[Recorded data]
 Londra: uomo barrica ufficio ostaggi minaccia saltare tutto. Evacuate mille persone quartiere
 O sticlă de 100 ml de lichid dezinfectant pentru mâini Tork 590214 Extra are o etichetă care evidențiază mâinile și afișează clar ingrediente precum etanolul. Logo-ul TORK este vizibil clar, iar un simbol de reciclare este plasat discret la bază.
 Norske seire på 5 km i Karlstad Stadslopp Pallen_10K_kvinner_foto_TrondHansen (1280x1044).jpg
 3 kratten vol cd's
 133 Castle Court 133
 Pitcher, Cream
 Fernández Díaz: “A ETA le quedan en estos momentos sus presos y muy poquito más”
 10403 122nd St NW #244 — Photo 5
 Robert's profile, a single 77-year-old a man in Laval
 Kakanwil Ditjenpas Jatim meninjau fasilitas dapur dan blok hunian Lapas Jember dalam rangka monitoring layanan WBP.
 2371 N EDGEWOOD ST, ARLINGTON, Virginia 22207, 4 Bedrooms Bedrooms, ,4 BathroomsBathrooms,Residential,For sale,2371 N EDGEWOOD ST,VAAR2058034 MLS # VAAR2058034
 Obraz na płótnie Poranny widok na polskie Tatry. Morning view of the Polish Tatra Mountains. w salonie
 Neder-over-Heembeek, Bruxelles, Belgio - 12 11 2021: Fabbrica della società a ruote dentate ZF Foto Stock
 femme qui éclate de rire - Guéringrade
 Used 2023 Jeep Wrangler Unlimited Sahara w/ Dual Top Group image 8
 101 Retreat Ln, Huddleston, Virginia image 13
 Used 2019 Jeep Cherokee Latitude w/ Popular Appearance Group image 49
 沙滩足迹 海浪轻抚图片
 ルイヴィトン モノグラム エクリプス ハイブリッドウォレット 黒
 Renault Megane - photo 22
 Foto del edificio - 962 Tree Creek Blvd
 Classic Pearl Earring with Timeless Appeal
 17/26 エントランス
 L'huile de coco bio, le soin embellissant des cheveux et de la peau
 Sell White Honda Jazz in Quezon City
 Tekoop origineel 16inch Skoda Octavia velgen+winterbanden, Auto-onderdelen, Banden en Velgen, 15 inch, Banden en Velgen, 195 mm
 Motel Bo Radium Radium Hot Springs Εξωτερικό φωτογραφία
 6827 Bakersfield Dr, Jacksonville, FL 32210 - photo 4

EXERCISE DETAILS: Print out every entry, keeping each one exact.

ANSWER FOR THE TASK:
 Londra: uomo barrica ufficio ostaggi minaccia saltare tutto. Evacuate mille persone quartiere
 O sticlă de 100 ml de lichid dezinfectant pentru mâini Tork 590214 Extra are o etichetă care evidențiază mâinile și afișează clar ingrediente precum etanolul. Logo-ul TORK este vizibil clar, iar un simbol de reciclare este plasat discret la bază.
 Norske seire på 5 km i Karlstad Stadslopp Pallen_10K_kvinner_foto_TrondHansen (1280x1044).jpg
 3 kratten vol cd's
 133 Castle Court 133
 Pitcher, Cream
 Fernández Díaz: “A ETA le quedan en estos momentos sus presos y muy poquito más”
 10403 122nd St NW #244 — Photo 5
 Robert's profile, a single 77-year-old a man in Laval
 Kakanwil Ditjenpas Jatim meninjau fasilitas dapur dan blok hunian Lapas Jember dalam rangka monitoring layanan WBP.
 2371 N EDGEWOOD ST, ARLINGTON, Virginia 22207, 4 Bedrooms Bedrooms, ,4 BathroomsBathrooms,Residential,For sale,2371 N EDGEWOOD ST,VAAR2058034 MLS # VAAR2058034
 Obraz na płótnie Poranny widok na polskie Tatry. Morning view of the Polish Tatra Mountains. w salonie
 Neder-over-Heembeek, Bruxelles, Belgio - 12 11 2021: Fabbrica della società a ruote dentate ZF Foto Stock
 femme qui éclate de rire - Guéringrade
 Used 2023 Jeep Wrangler Unlimited Sahara w/ Dual Top Group image 8
 101 Retreat Ln, Huddleston, Virginia image 13
 Used 2019 Jeep Cherokee Latitude w/ Popular Appearance Group image 49
 沙滩足迹 海浪轻抚图片
 ルイヴィトン モノグラム エクリプス ハイブリッドウォレット 黒
 Renault Megane - photo 22
 Foto del edificio - 962 Tree Creek Blvd
 Classic Pearl Earring with Timeless Appeal
 17/26 エントランス
 L'huile de coco bio, le soin embellissant des cheveux et de la peau
 Sell White Honda Jazz in Quezon City
 Tekoop origineel 16inch Skoda Octavia velgen+winterbanden, Auto-onderdelen, Banden en Velgen, 15 inch, Banden en Velgen, 195 mm
 Motel Bo Radium Radium Hot Springs Εξωτερικό φωτογραφία
 6827 Bakersfield Dr, Jacksonville, FL 32210 - photo 4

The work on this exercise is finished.